OPA: Conflicting rules compromise use of Guam EPA’s recycling fund
- Admin

- 16 hours ago
- 3 min read

By Jayvee Vallejera
The Office of Public Accountability has tagged five deficiencies in the use of the Guam Environmental Protection Agency's Recycling Revolving Fund, resulting in limited transparency, weakened accountability and impaired reliable use of the funds.
An OPA audit today identified a primary issue: the new rules governing how the Recycling Revolving Fund is supposed to be used.
The updated rules are not reflected in the Guam Administrative Rules and Regulations.
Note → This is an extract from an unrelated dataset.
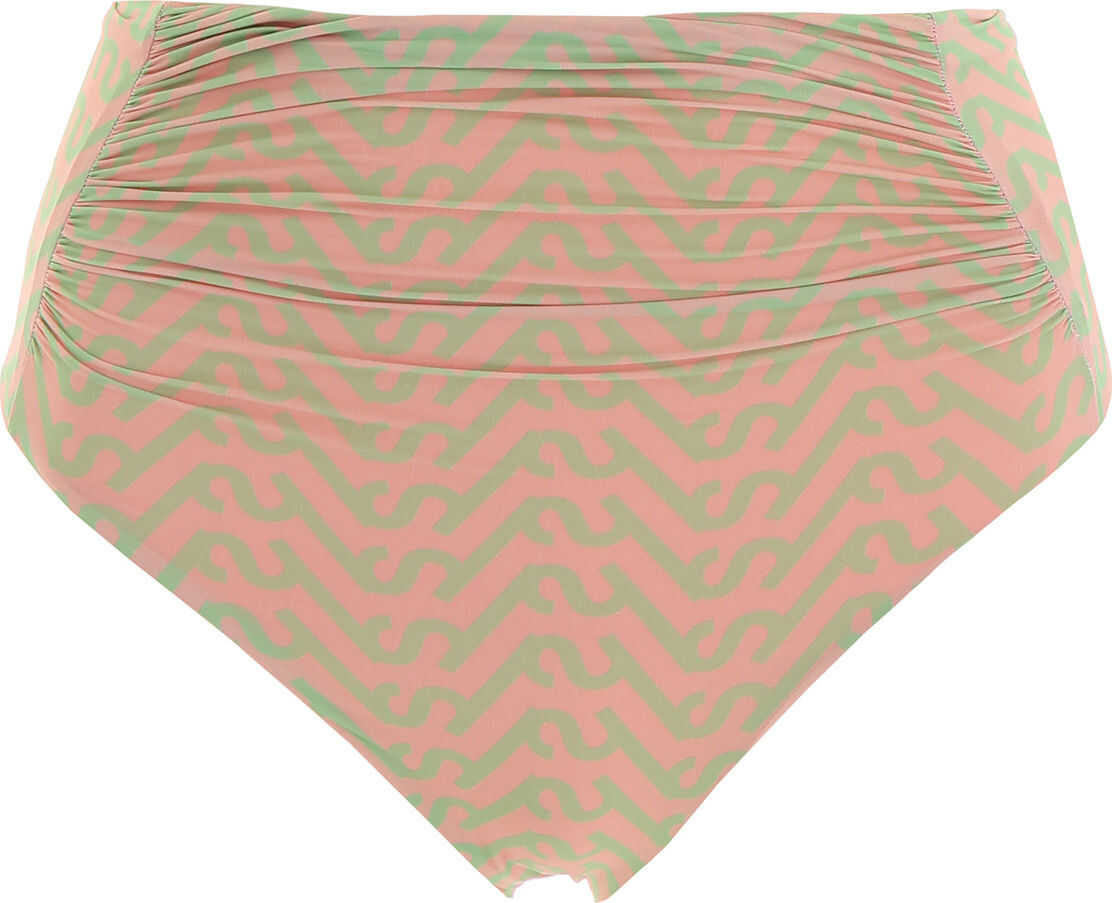 Costum Self-Portrait Monogram Bikini Briefs GREEN PINK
This has resulted in conflicts between laws and regulations and uncertainty on key requirements.
The audit also found that funds from the Recycling Revolving Fund that were allocated to the Mayors Council of Guam’s Island-wide Environmental Clean-up Program were not spent according to legal and budgetary requirements.
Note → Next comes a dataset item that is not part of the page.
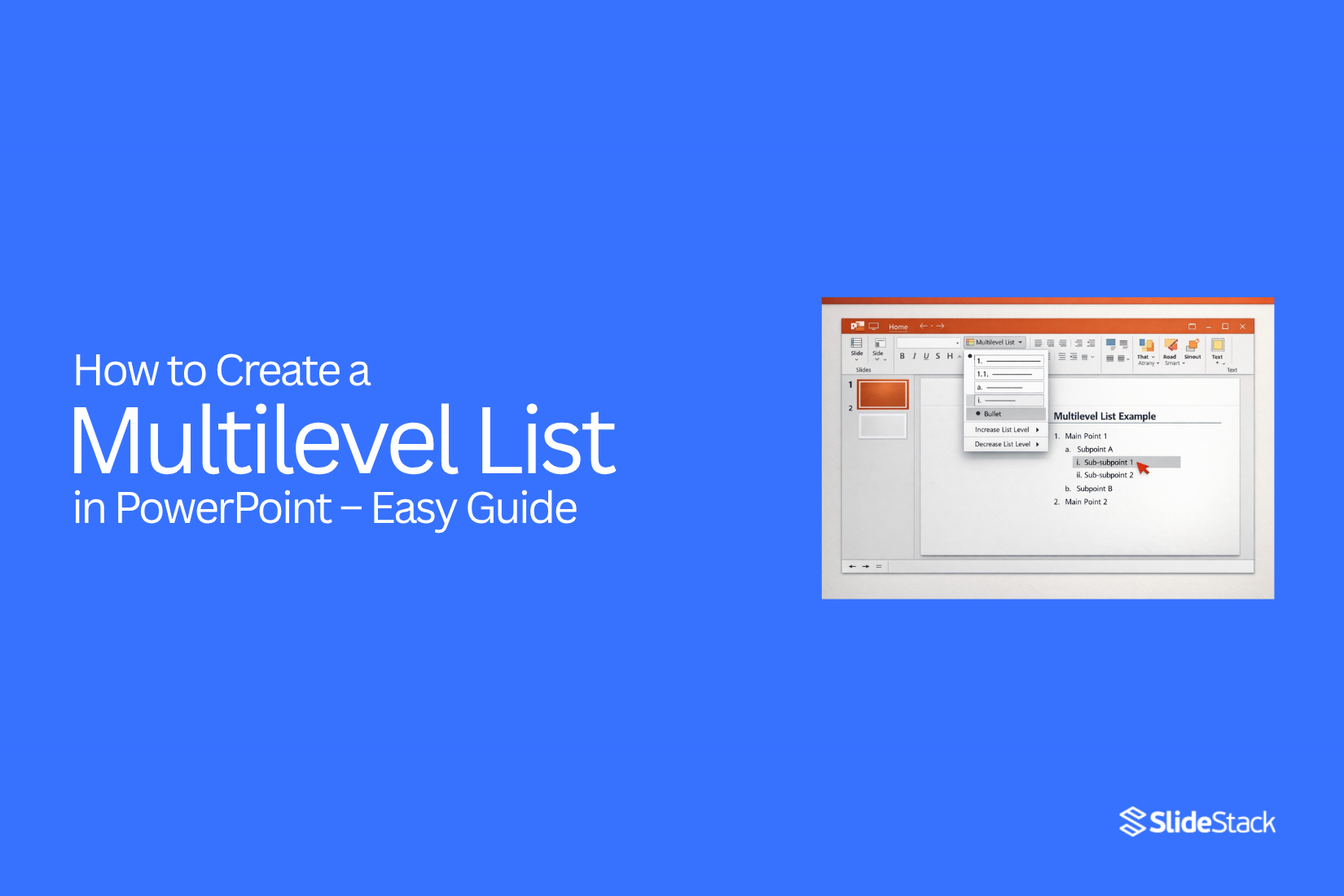 How to Create a Multilevel List in PowerPoint – Easy Guide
There were also unresolved questions regarding the use of the funds, OPA said, including whether the amounts reflected current-year spending or prior-year obligations. This made it difficult to determine the actual use of the funds.
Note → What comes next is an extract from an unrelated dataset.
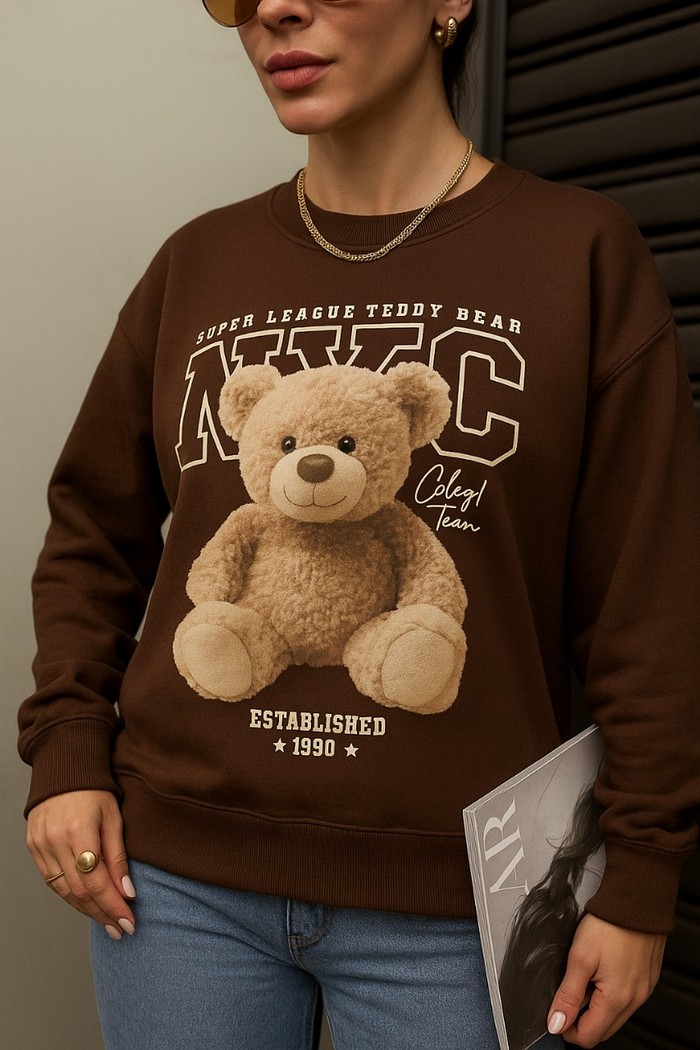 MOLETOM NYC (URSO) - MARROM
“These conditions reflect material weaknesses in RRF governance, financial accountability, internal controls, and compliance oversight, which can prevent timely service delivery and erode public trust," said Public Auditor Benjamin J.F. Cruz.
Other audit findings include OPA’s inability to determine actual revolving fund expenditures, non-compliance with legal requirements for fund disbursement and missing board-approved expenditure plans.
The audit found that, although Guam EPA updated the rules and regulations governing the use of the revolving fund, the GARR was not updated to reflect the new rules.
New laws do not automatically update the Guam Administrative Rules and Regulations. Guam EPA was supposed to update the rules for the use of the revolving fund, but this did not happen.
“The regulations were not updated to reflect the current law, internal reports could not be reliably reconciled to official records and closed-year figures were subject to unexplained revision,” the audit stated.
The Guam EPA blames the Mayors' Council of Guam for inefficiencies in the use of the Recycling Revolving Fund, citing alleged mismanagement and delays, according to the audit.
On top of persistent delays, long-standing close-out issues persisted because villages did not consistently provide receipts or maintain adequate accountability, the audit said.
The audit also found that large portions of funds allocated to the mayors council’s environmental clean-up program were not being fully used and large percentages of the allocated funds were sitting unspent.
Expenditure data from GEPA showed that, from fiscal 2017 through 2023, total expenditures of the revolving fund only totaled 52 percent (about $6.3 million), the audit said.
In one instance, the mayor’s council used only $833,000 (38 percent) of the $2.2 million certified in fiscal year 2018 for the island-wide clean-up program, resulting in the lowest utilization rate during the audit period.
GEPA granted extensions on these unspent funds through March 31, 2026, covering three previous fiscal years, but unresolved invoices dating back to fiscal 2022 made vendors reluctant to work and later reconciliations revealed missing documentation.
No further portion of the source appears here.